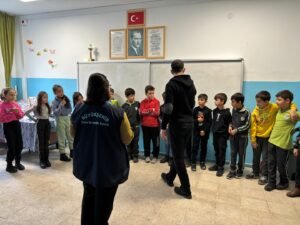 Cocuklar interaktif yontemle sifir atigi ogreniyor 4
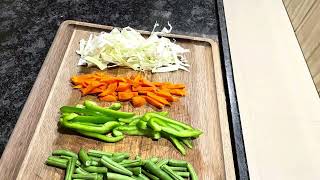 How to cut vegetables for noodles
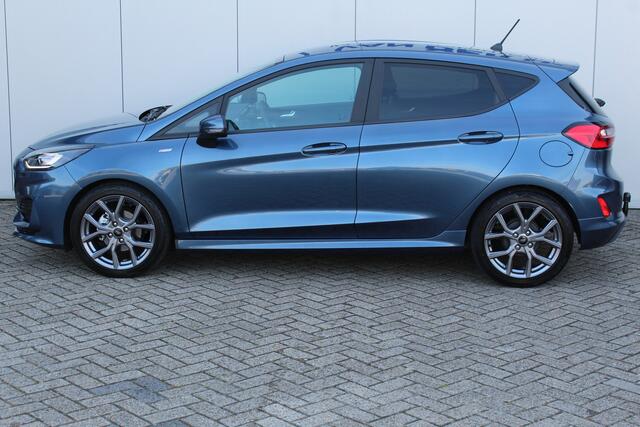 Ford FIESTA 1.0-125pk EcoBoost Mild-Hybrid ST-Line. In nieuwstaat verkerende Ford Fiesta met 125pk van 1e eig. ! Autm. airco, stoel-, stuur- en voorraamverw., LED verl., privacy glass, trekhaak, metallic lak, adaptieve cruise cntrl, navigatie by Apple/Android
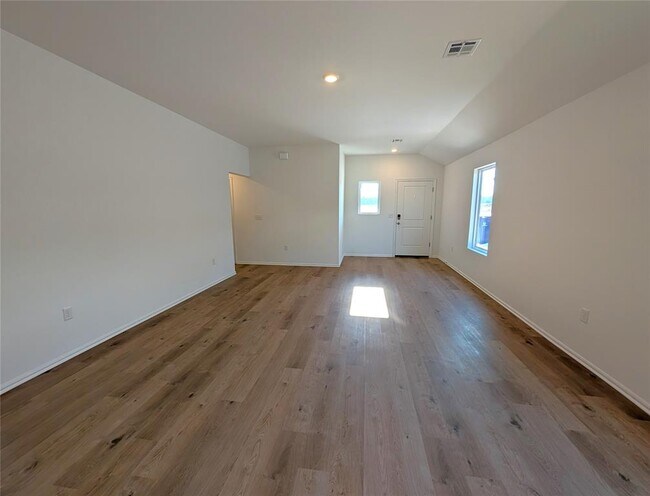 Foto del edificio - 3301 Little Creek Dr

- - - -

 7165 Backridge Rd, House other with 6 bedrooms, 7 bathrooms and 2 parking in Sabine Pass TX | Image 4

- - - -

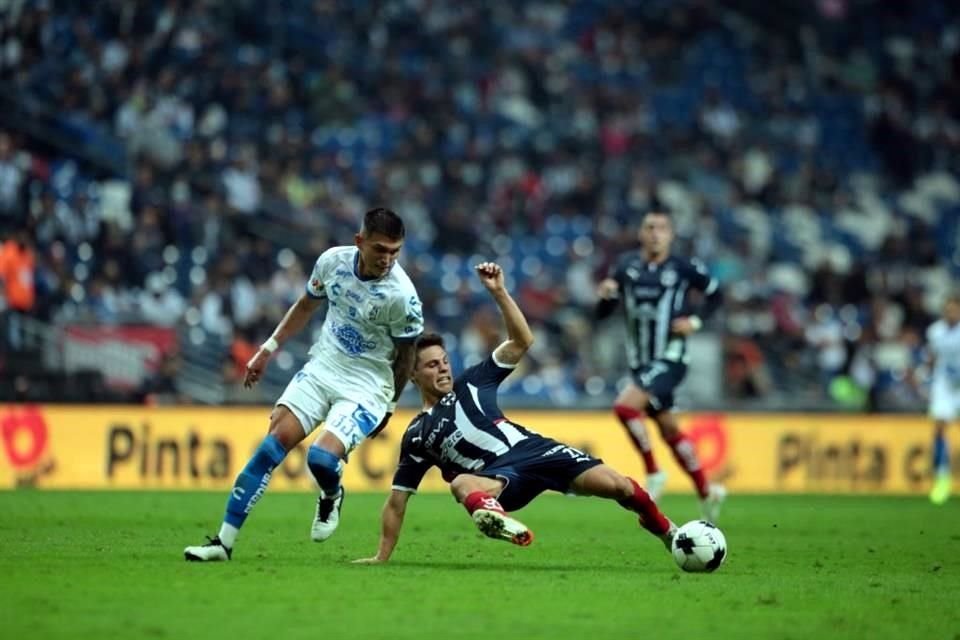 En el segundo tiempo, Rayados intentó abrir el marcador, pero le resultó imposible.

- - - -

• _Task to complete_
Everything from the line with "Cocuklar interaktif yontemle" down to the line with "Foto del edificio - 3301 Little Creek Dr" in the data above should be copied exactly, with both end lines kept and the pictures left out.

• _Answer box_
 Cocuklar interaktif yontemle sifir atigi ogreniyor 4
 How to cut vegetables for noodles
 Ford FIESTA 1.0-125pk EcoBoost Mild-Hybrid ST-Line. In nieuwstaat verkerende Ford Fiesta met 125pk van 1e eig. ! Autm. airco, stoel-, stuur- en voorraamverw., LED verl., privacy glass, trekhaak, metallic lak, adaptieve cruise cntrl, navigatie by Apple/Android
 Foto del edificio - 3301 Little Creek Dr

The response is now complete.